実際にあったハプニングや、「こんなことスポーツ業界でしか経験できない!」というエピソードを赤裸々に語っていただく企画「スポーツ業界の本音とリアル」。

今回は、Bリーグ・群馬クレインサンダーズの代表取締役社長・阿久澤毅さんです。実は元甲子園球児であり、前職は県立高校の体育教師で野球部の監督も務められていました。59歳にして異業界への転職という、定年間近に人生を左右する大きな決断をされた阿久澤さんに、新しい世界で感じた思いや景色を率直にお話しいただきました。

(取材日・2023年7月27日)

高校教師からBリーグチームの社長に

―現役の高校教師の方が、プロバスケットボールチームの代表取締役になるというケースは、あまり聞いたことがありません。
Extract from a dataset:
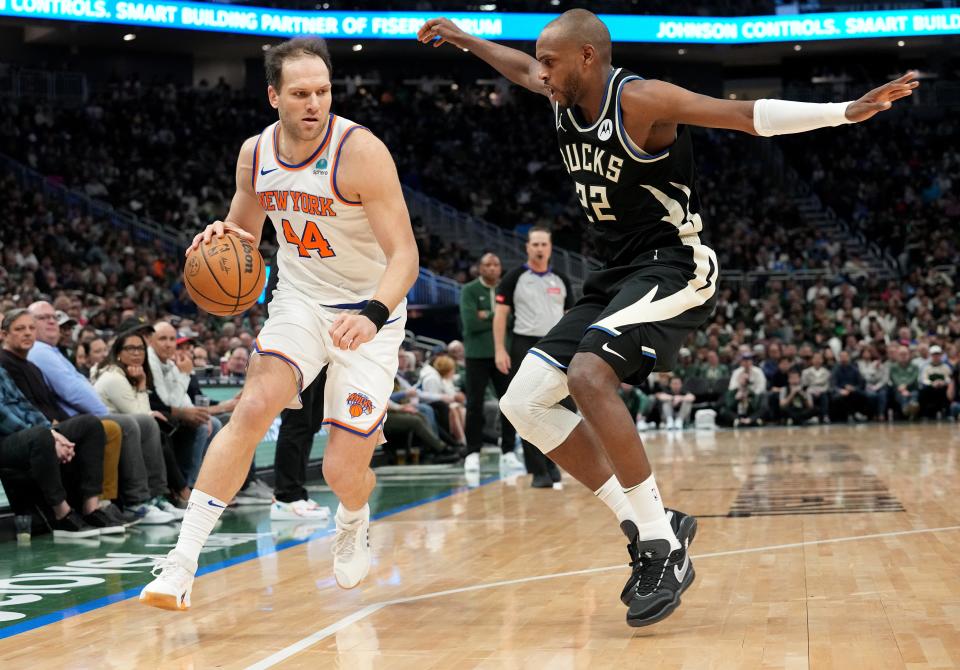 New York Knicks forward Bojan Bogdanovic is guarded by Milwaukee Bucks forward Khris Middleton during the first half of their game Sunday, April 7, 2024, at Fiserv Forum in Milwaukee.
就任までの経緯から教えてください。

自分自身も寝耳に水というか、突然いただいたお話でびっくりしました。退職まであと1年というタイミングでのお誘いでした。

プロバスケットボール業界については全く知らなかったです。群馬にプロチームがあることは認識していましたが、どんな選手がいるのか、どのようにリーグが構成されているのかは知りませんでした。むしろプロバスケは知名度が低いというイメージがあり、正直なところ、興味がなかったのです。

―バスケ業界に入られて、驚いたことは何ですか?

野球とバスケ、競技がそもそも違うのですが、競い合うというのは共通項であり、精神的には同じだと思うんです。そのうえで驚いたことはまず、バスケは屋内スポーツでありながら、意外と温度を重要視している点ですね。日差しの強弱や温度差はそれほどないと思っていましたが、エアコン等の設備環境が割と高いハードルなんです。
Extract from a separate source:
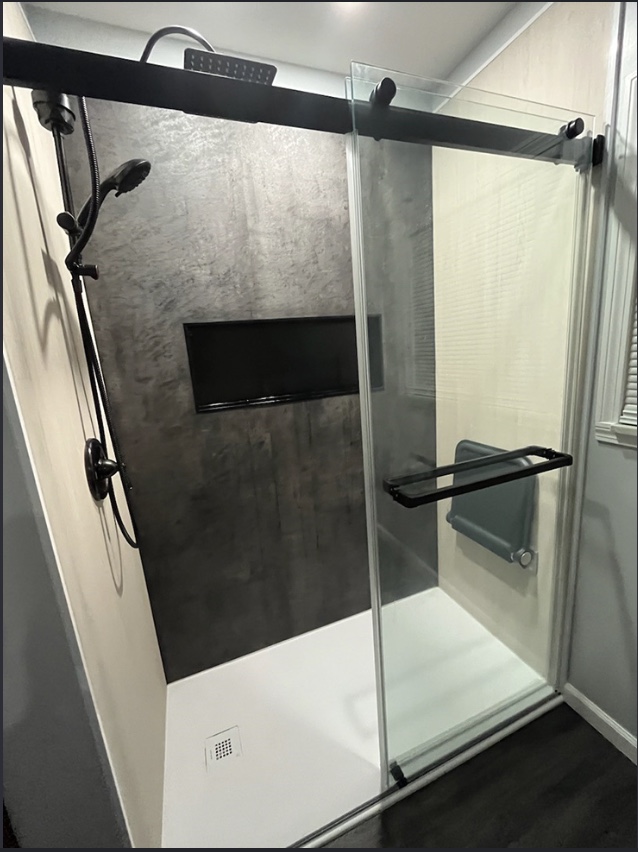 Modern walk-in shower with sliding glass door and matte black fixtures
―エアコンが完備されていない体育館ってまだまだありますよね。加えて座席数不足など、これらの問題はBリーグのチームにとって大きな壁ですよね。

そうですね、お客様を呼んで興行するわけですから、もう少し頑張らなければいけないことがたくさんあると思いました。
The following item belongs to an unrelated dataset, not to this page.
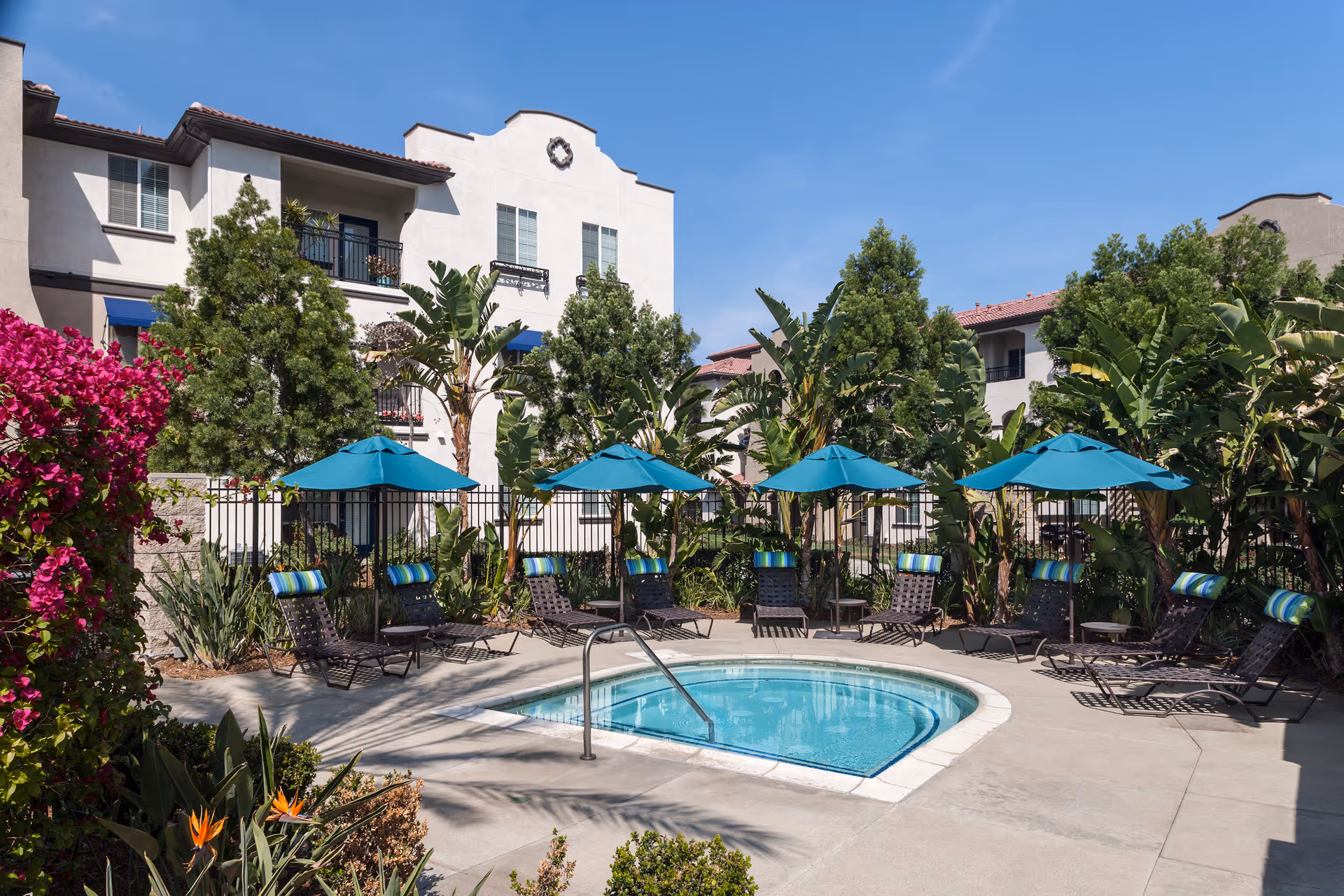 Outdoor pool area at Overture Riverwalk featuring a small round pool surrounded by lounge chairs with blue umbrellas. The area is landscaped with tropical plants and trees, with a multi-story residential building in the background under a clear blue sky.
ただ、私が入社したのは2020年7月で、チームがオープンハウスグループの子会社となり1年経ったタイミングだったので、経営の観点では心配はしていませんでした。とはいえ、今までやったことのない社長という仕事ができるのかな…と、もちろん考えましたし不安もありました。

とにかく群馬クレインサンダーズの名を地元に広めようと、応援してくれる人をひとりでも多く増やすという使命に基づいてひたすら動いてきました。この3年間は、ずっとそれを心がけて取り組みましたね。

前橋市から太田市へ。ホームタウンを移転した理由

―就任翌年にホームタウンを前橋市から太田市に移転されました。思い切った決断だったのではないですか?

前橋市でも、B1リーグ基準を満たすために体育館の改修計画を立てていました。ですが、太田市の清水聖義市長とオープンハウスの荒井正昭社長との間で、移転を前提とした取り組みとしてアリーナ建設についての話し合いが行われていたようです。

もちろん前橋市で活動させていただいた御恩はありますし、地元の方々にどう説明するのかという話もありましたが、最終的にいちばんの決め手となったのは駐車場問題でした。駐車場を全面的に変えない限り、観客の動員は難しいのではないか、ということになったんです。

―アクセスが悪いということですか?

それよりは駐車台数の問題です。前橋の駐車場は400台程度がMAXでした。観客が1000人を超えると、もう会場周辺は大パニック。案の定、チケットはあるのに駐車場に車を停められないお客様が発生しました。どうか帰らないでくださいとお願いをして、駐車場を急遽用意したというケースもあったんです。

過去にもいろいろな施策を行なったようですが、あまりうまくいかなかったそうです。ほぼ全ての人が、車で会場近くに来てサッと入場したいと考えていますから、会場近くに広いスペースを確保できない限り駐車場問題は解決しにくいんです。